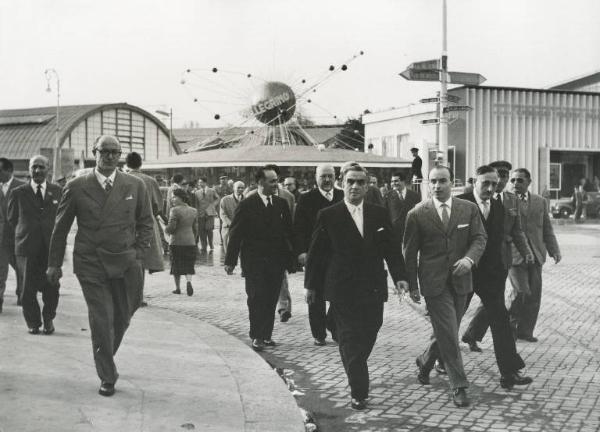 Fiera di Milano - Campionaria 1954 - Visita del ministro delle poste e telecomunicazioni Gennaro Cassiani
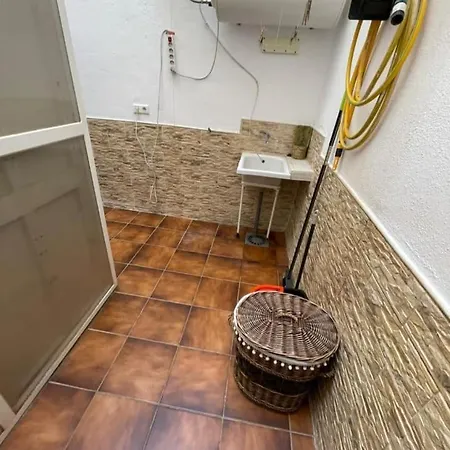 En Piso Compartido 民宿 马拉加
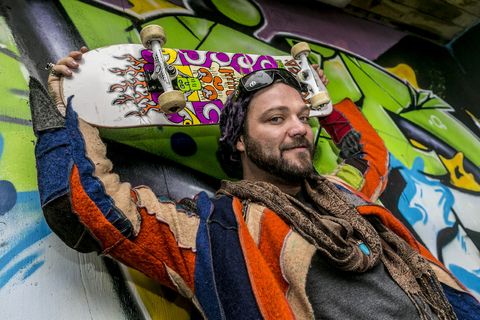 Bam Margera has not pressed charges against Icelandic rappers and blames the incident on Leon Hill.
______
> **Task directions**: Word for word, restate the lines from the one containing "En Piso Compartido 民宿 马拉加" through the end of the listing, and nothing more. Skip the pictures.

> **Your response**:
 En Piso Compartido 民宿 马拉加
 Bam Margera has not pressed charges against Icelandic rappers and blames the incident on Leon Hill.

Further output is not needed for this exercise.